Alles zur Organisation "Oberlandesgericht Köln"


  • Prozesse

    Di., 10.09.2019

    OLG Hamm verurteilt VW zu Schadenersatz

    Eine Außenansicht des Oberlandesgericht in Hamm.

    Hamm (dpa/lnw) - Mit dem Oberlandesgericht Hamm hat ein weiteres Gericht den Volkswagen-Konzern zu Schadenersatz verurteilt. Der 13. Zivilsenat gab der Käuferin eines VW-Beetle am Dienstag recht, die sich durch manipulierte Abgaswerte an dem Fahrzeug durch den Autobauer getäuscht fühlte. Sie hatte das Auto im November 2016 bei einem VW-Vertragshändler in Bochum gekauft.

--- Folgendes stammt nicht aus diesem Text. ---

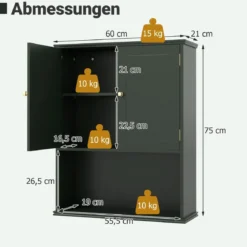Bad Hängeschrank mit 2Türen & Offener Ablage & Verstellbarem Regal Badschrank Grün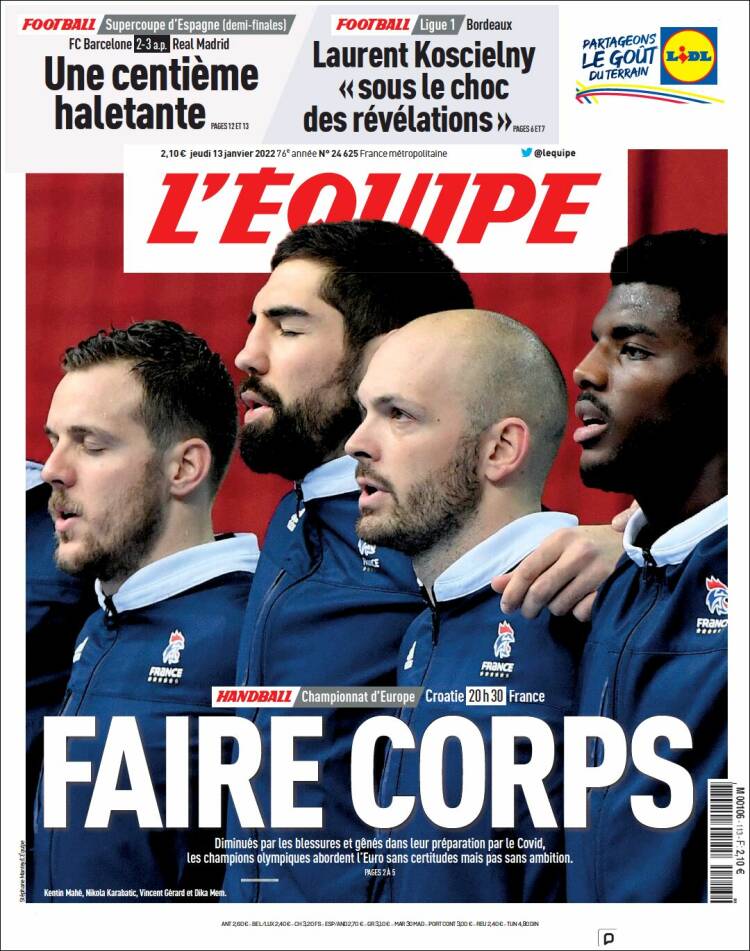 Portada de L'Equipe (Francia)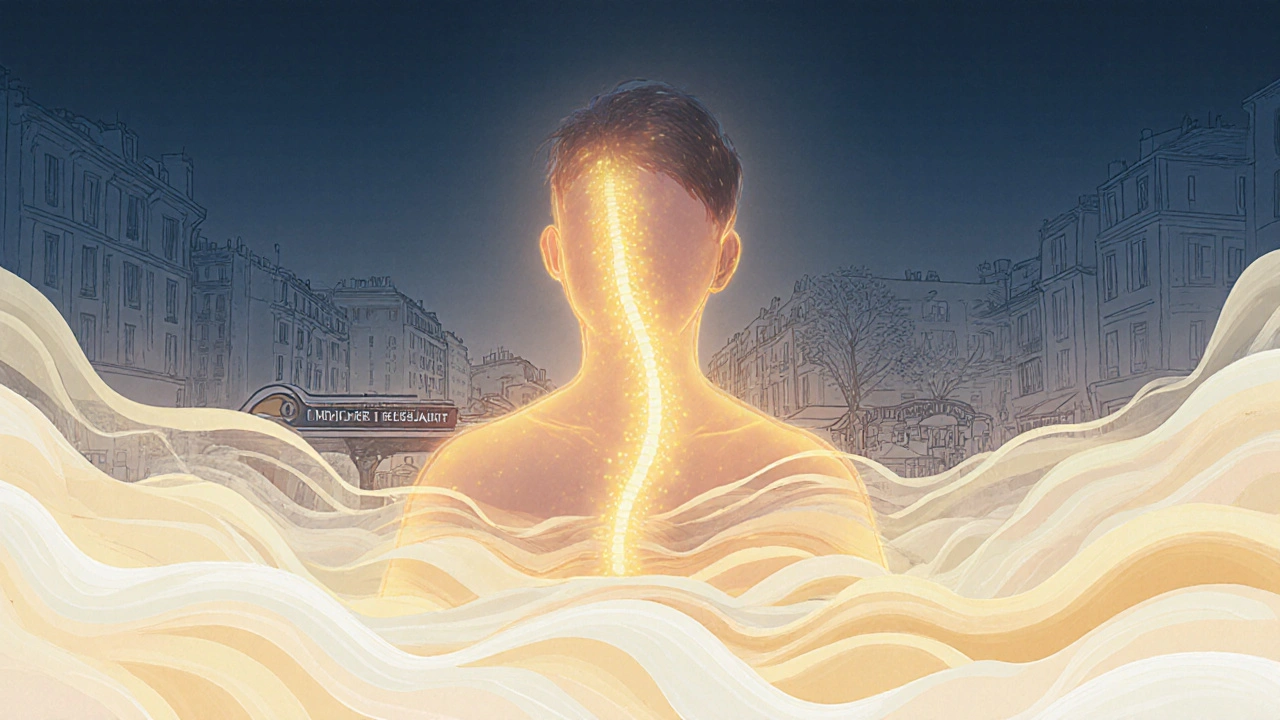 Corps humain évoqué par des vagues de chaleur dorée, fond suggérant les rues du 15e arrondissement de Paris.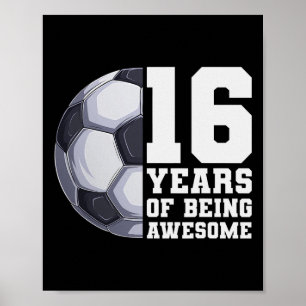 Affiche 16 Ans De Football Fantastique Pour Garçons 16e An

Die Klägerin aus Sarstedt in Niedersachsen könne wegen einer sittenwidrigen vorsätzlichen Schädigung von der Volkswagen AG den Kaufpreis abzüglich der Nutzungsentschädigung und die Freistellung der noch zahlenden Kreditraten gegen Rückgabe des Fahrzeugs verlangen, heißt es in der Urteilsbegründung, wie das OLG Hamm mitteilte. «Die Volkswagen AG habe durch das Inverkehrbringen eines Fahrzeugs mit der manipulierten Motorsteuerungssoftware ihre Kundin getäuscht.» Das Oberlandesgericht Köln hatte bereits im Januar ein vergleichbares Urteil verkündet.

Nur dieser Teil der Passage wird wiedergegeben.